- Download and install Anaconda3 4.2 from https://repo.continuum.io/archive/Anaconda3-4.2.0-Linux-x86_64.sh
- After installation, include path of "bin" folder of the above Anaconda to PATH variable
- Install Tensorflow 0.12 for the installed Anaconda version using the command:
conda install -c jjhelmus tensorflow=0.12.0
(Note 3 July 2020: the above command doesn't work anymore.

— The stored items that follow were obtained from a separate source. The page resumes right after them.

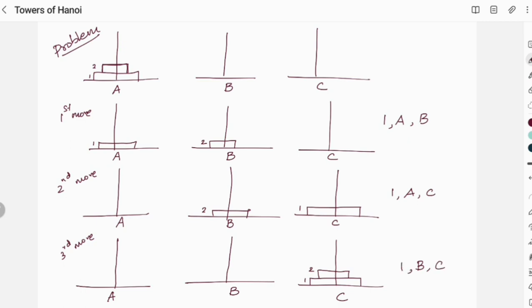The concept for Towers of Hanoi is: first step — move n minus 1 discs from A to B; then move a single disc from A to C; then move n minus 1 discs from B to C. Through this concept, we are going to set up the recurrence relation, and through the recurrence relation, we will be able to derive the time complexity.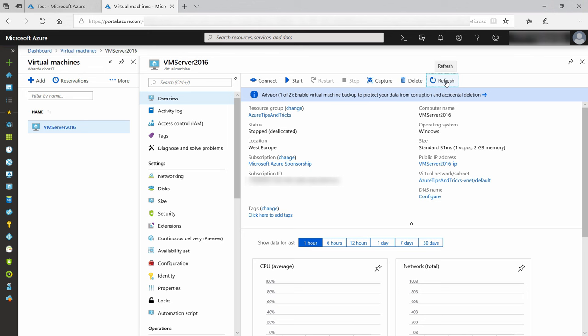As we've seen, Azure Automation is super easy to use, and can help you to automate everything in Azure. Go check it out.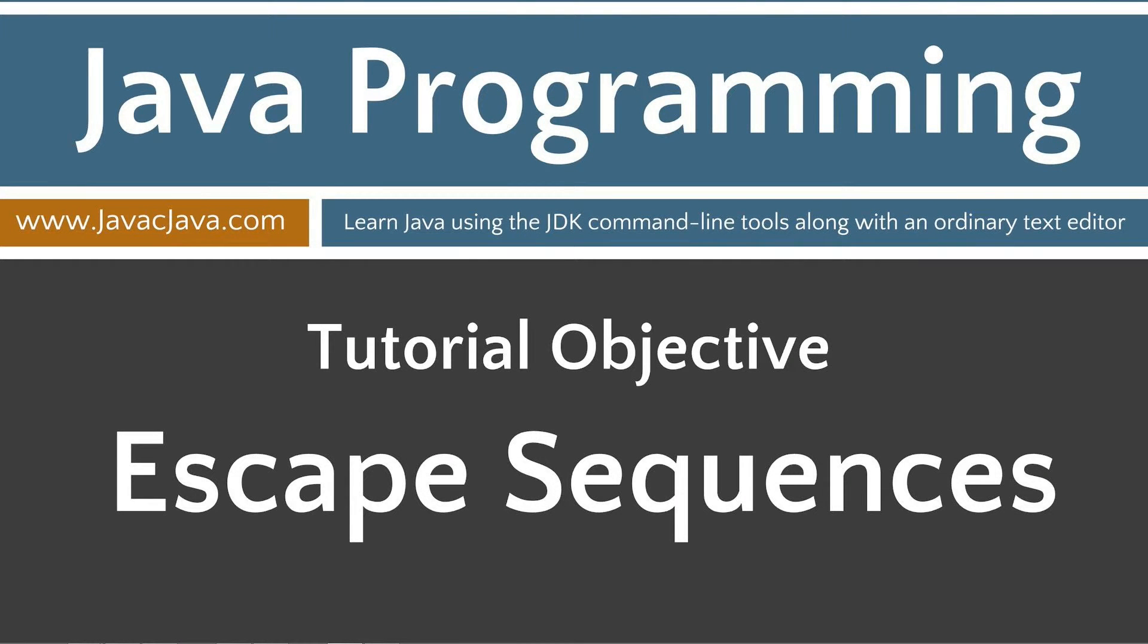Hello everybody, I'm Dan. Welcome to my Java tutorial series. All the source code for each video tutorial is located on my website at javacjava.com. Throughout my tutorials I will teach you Java using just Notepad and the command prompt. This tutorial is on escape sequences.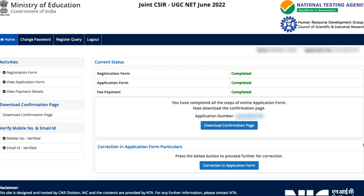Once you sign in, your current status will be shown. There are three steps: registration form, application form, and fee payment. All three must be completed before you can make any corrections. If any step shows as incomplete — for example, if you forgot to pay the fee — your application is not fully submitted and no correction option will be available.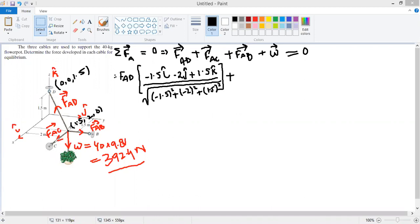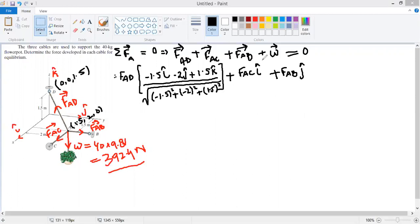FAC can be written as magnitude FAC multiplied by i-cap, since it acts along the x-axis. FAB is written as magnitude FAB multiplied by j-cap, since it acts along the y-axis. The weight W acts along minus k-cap, so it contributes −392.4 k-cap. The entire expression must equal zero.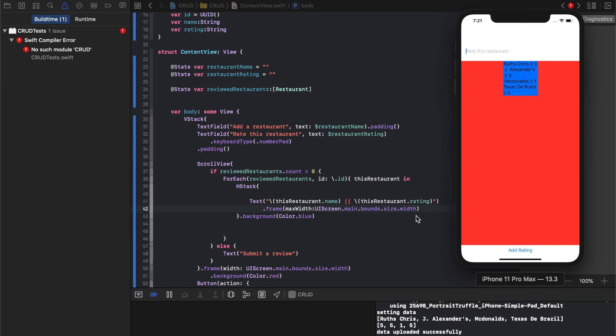So now we know how to create things. We know how to read them. And the next one we'll do updating. And then the following one we'll do deleting. See you in the next one.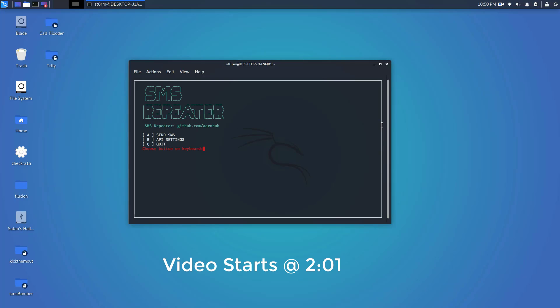What is up YouTube, it is Storm here back with another video. In today's video we're gonna be doing something a little bit different than our normal remote administration tool type videos. I'm gonna be starting a new series on my channel where I'm gonna be using Kali Linux and doing tutorial videos, showing you guys how to use the operating system and just giving you guys a feel for the operating system.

But running pip install tensorflow==0.12.1
does.)
- Install graphviz for Python:
python -m install graphviz
- Test installation:
cd data/StringTokenizer bash execute.sh
Use the docker image python:3.5:
docker run -v /home/<path>/<to>/DSM/:/workspace/DSM -v /home/<path>/<to>/deep_spec_learning_ws/:/workspace/deep_spec_learning_ws -v /home/<path>/<to>/dsm_eval_ground_truth/:/workspace/dsm_eval_ground_truth --name DSM -it python:3.5 /bin/bash
pip install tensorflow==0.12.1 numpy==1.11.0 scipy==0.18.1 graphviz sklearn
apt-get update && apt-get install graphviz
Example of running evaluation script for StringTokenizer:
python3 /workspace/deep_spec_learning_ws/deep_spec_learning/model_learning/evaluation/evaluate_clustered_automata.py --cluster_folder work_dir/clustering_space/cls_kmeans/S_4/ --ground_truth_folder /workspace/dsm_eval_ground_truth/stringtokenizer/ --result_folder /DSM_eval_results/StringTokenizer --ignore_method_suffix 1 --overall_min_label_coverage 20 --max_label_repeated_per_trace 3 --max_trace_length 50 --max_num_trace 10000
- When there are new traces that become available after the FSM model has already been constructed, it is possible to update the model without retraining on the entire dataset.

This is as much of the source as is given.